There seems to be some sort of delusional idea propagated as always by so-called 'besserwissers' (people long on opinions but disastrously short on cred and chops) that Microsoft of all sorry corporations have something Apple sorely need.

One needs only look at current market and financial statistics to see just how poorly Apple are performing. They have the second biggest market cap in the US after Exxon, have a near 25% of the smartphone market where they once believed they'd hardly make an inroad at all, and have a new product (the iPad) that is so 'revolutionary' that it's in a market niche all its own - there's no one at all to compete with it (and likely never will be).

And everything Apple have on the software side is based on the same code that's based on the same code that's based on the same code... Apple are really hurting alright.

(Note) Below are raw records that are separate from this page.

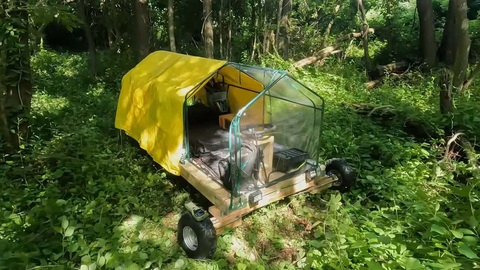 Tự chế 'nhà di động' chạy điện siêu nhỏ, ai cũng có thể làm được ở nhà - Ảnh 7. Để ngăn khả năng túi ni lông biến "căn nhà" quá nóng do hiệu ứng nhà kính, anh sử dụng tấm bạt lớn màu vàng để che đi phần lớn - Ảnh: Quiet Nerd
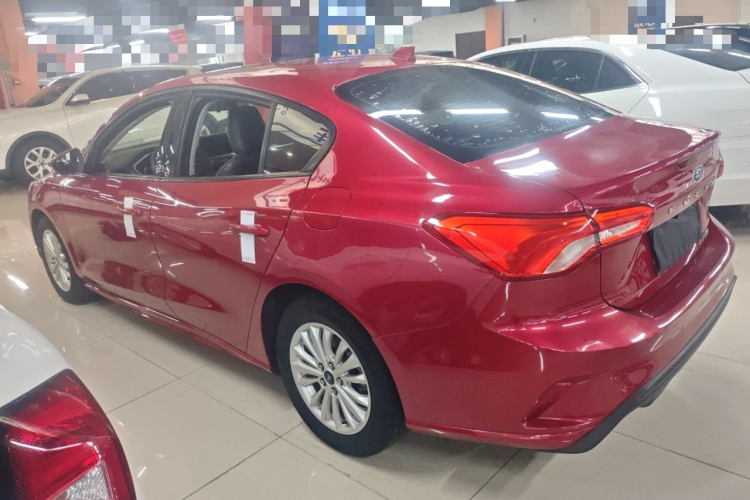 福特 福克斯 2020款 三厢 1.5L 自动锋跃型车身外观4
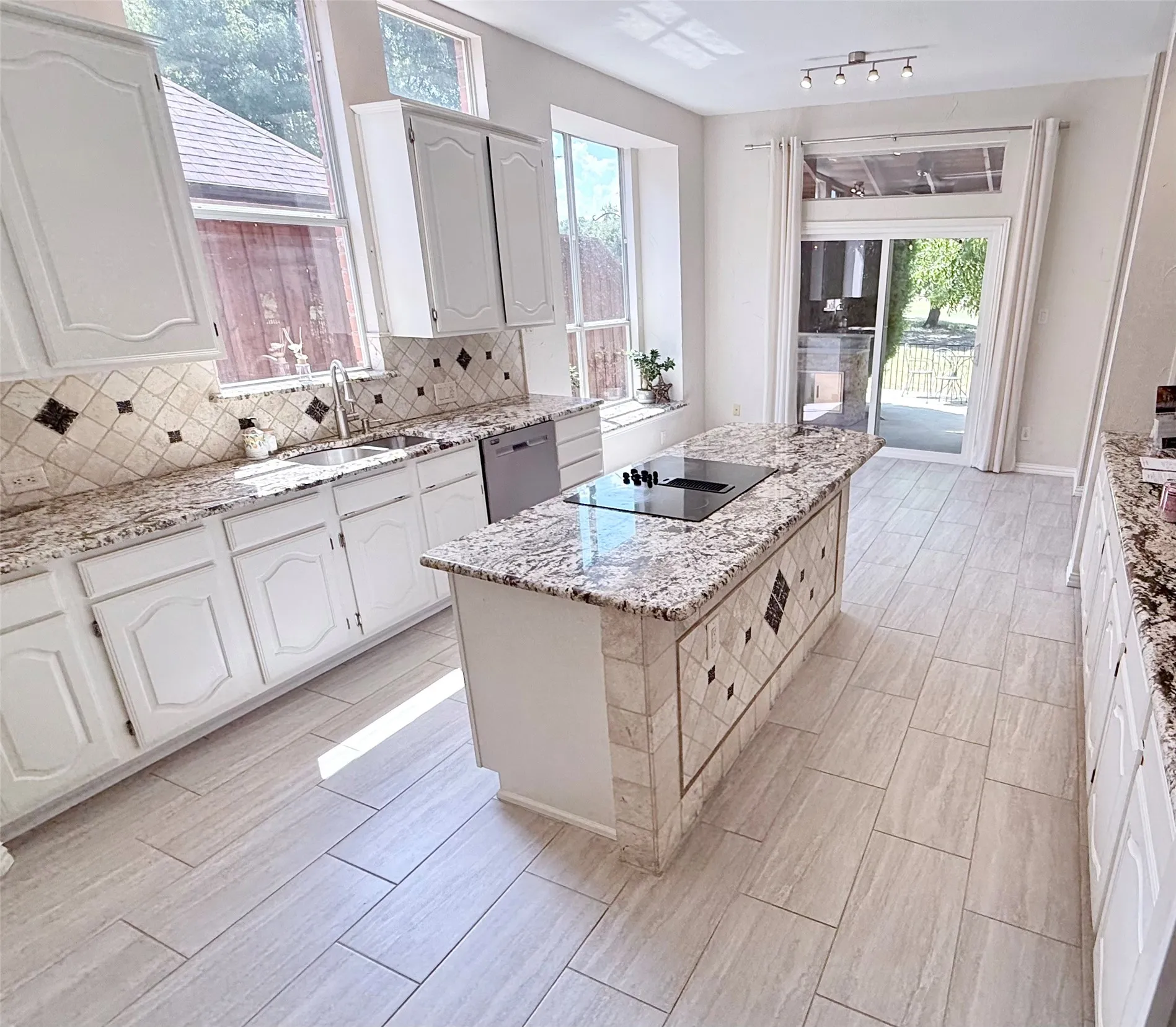 Single Family Residence For Sale in Collin County , 5805 Wilmington Drive, Frisco, Texas 75035, 5 Bedroom, 4 Bathroom, 2 Garage spaces, 3,835 Sqft, built in 1999, mls#21376376, Real Estate Agent in Frisco, Homes For Sale in Collin county, Homes For Sale in Frisco, Realtor in Frisco Texas, Real Estate Brokerage Independent Realty Texas, Luminita Cordes Realtor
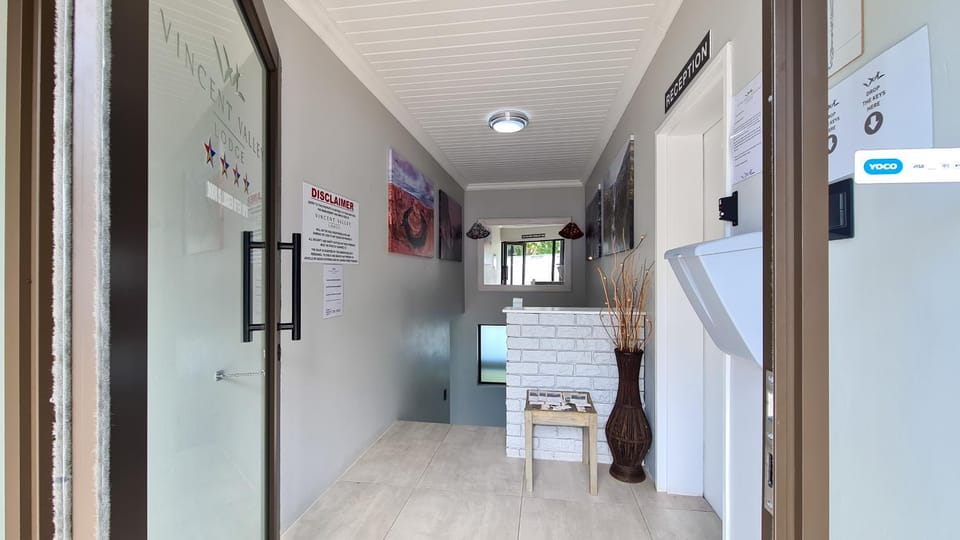 Facade/entrance, Lobby or reception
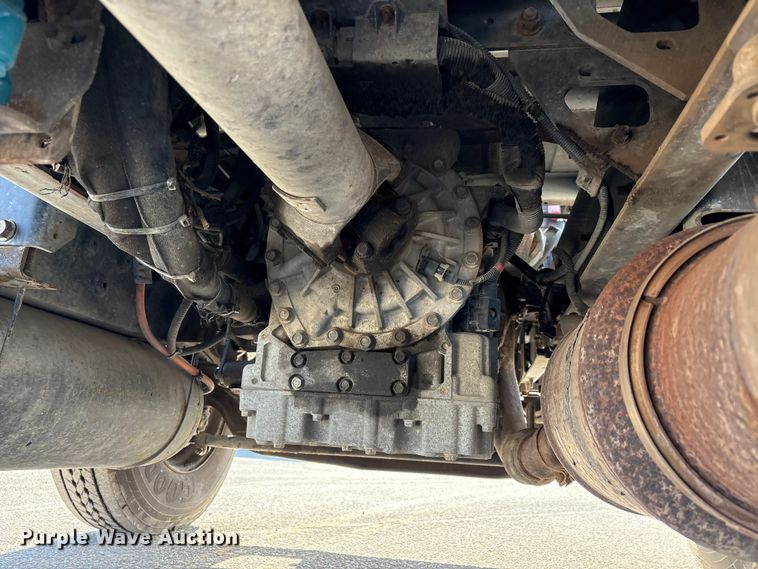 image for item FK1034 2009 International 7300 refuse truck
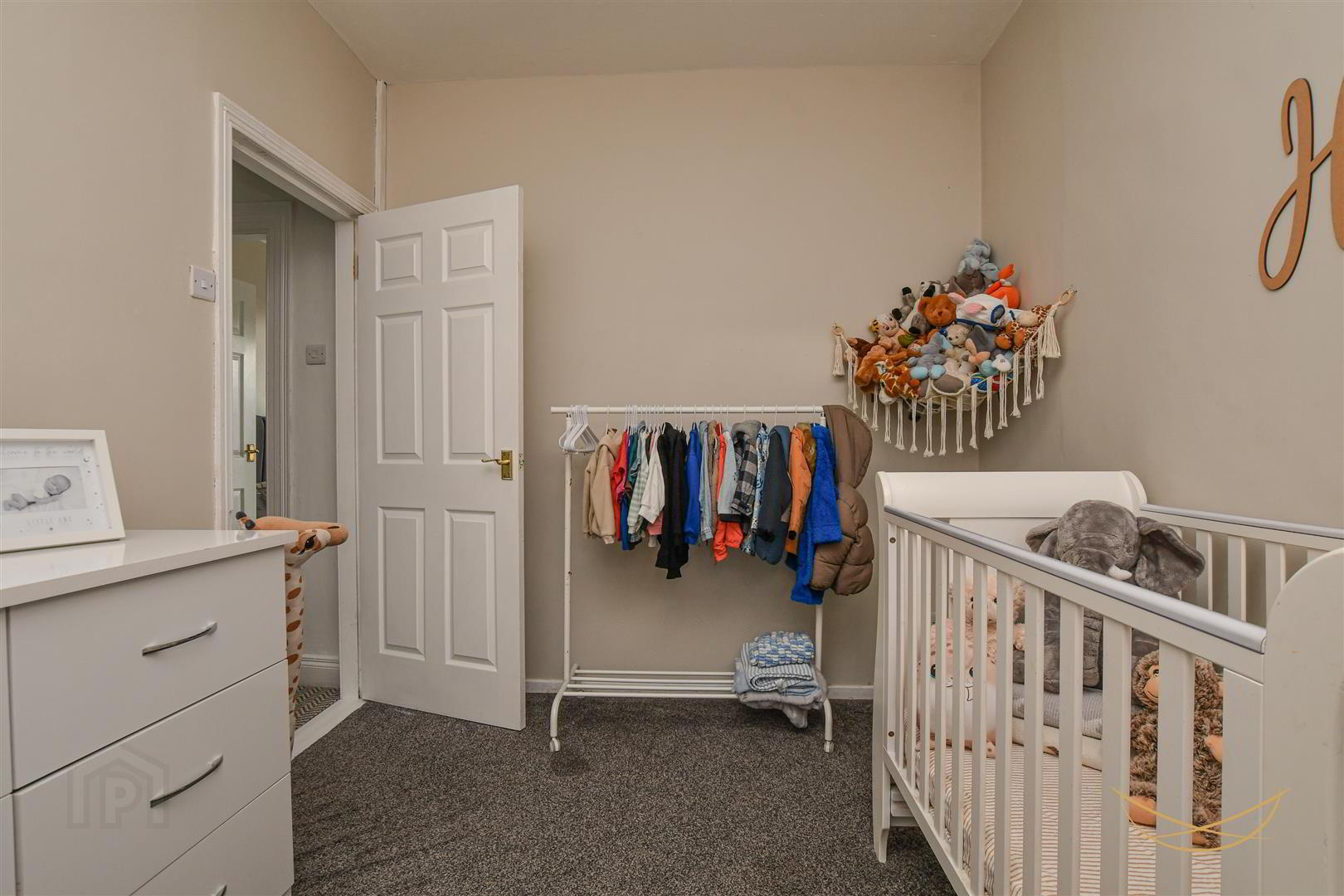 59 Ballygomartin Road 27 of 43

There's also been a claim - by these same besserwissers - that 'ordinary' programmers can't see the deficiencies precisely because they're programmers - in other words: you have to be a besserwisser to understand anything at all. That's quite the mouthful.

Damn Steve Jobs and his walled garden App Store. Damn him for his prissy attitude towards control of content on his new fleet of devices. But don't you dare damn him for putting together two of the most amazing products ever seen in electronics. And give credit to the hardware teams for pulling off the impossible but never forget the inordinate contribution of the software that runs in them.

And say what you want about cock-eyed security models but don't diss the software for that - security models are management decisions - they don't reflect on the software itself or its quality.

This nonsense talk is the same kind seen from time to time where Java programmers ask hilarious questions such as 'why doesn't C have string classes'. It's talk to not be taken seriously.

But for those of you who neither are programmers nor pretend to be: there's a way you can understand a bit more of what's going on.

Roots

Apple's iOS has its roots in OS X as you've probably heard. It's a honed down version of OS X. It's based on FreeBSD and the Cocoa (NeXTSTEP) classes. The Unix on disk is only what the devices need to run - not every Unix tool known to man is present. This saves space.

The Cocoa application architecture is also streamlined. OS X directories that only serve to contain other directories are dismissed - back in the days of OS X design they were kept on board 'just in case'. They're not needed any longer.

The classic Cocoa classes are gone too - sort of. This because there's a totally new input model. You don't have keyboard and pointing device events as before - you have 'tap tap tap' (and a whole new world of gestures). The Apple hardware picks up these gestures and turns them into events sent to the controlling classes. Who now have new methods to deal with and respond to them.

The classes might not be the same - not totally - but the legacy is there. The programming model permeates everything. And that type of model includes both event driven programming and object orientation.

Event driven programming is used on all modern platforms. Application software initialises on its own but then sits and waits for things to happen - hardware failures, disk events, user interaction, you name it. Even the most primitive graphical user interfaces (Windows, GNOME, KDE) have to use this method. But yes, they are extraordinarily primitive. It takes object orientation to raise vanilla event driven programming out of the primordial mush and make it an erect land creature.

Object orientation is the invention of Alan Kay. He even invented the term. It's not the most adequate of epithets ever but it's the one that stuck.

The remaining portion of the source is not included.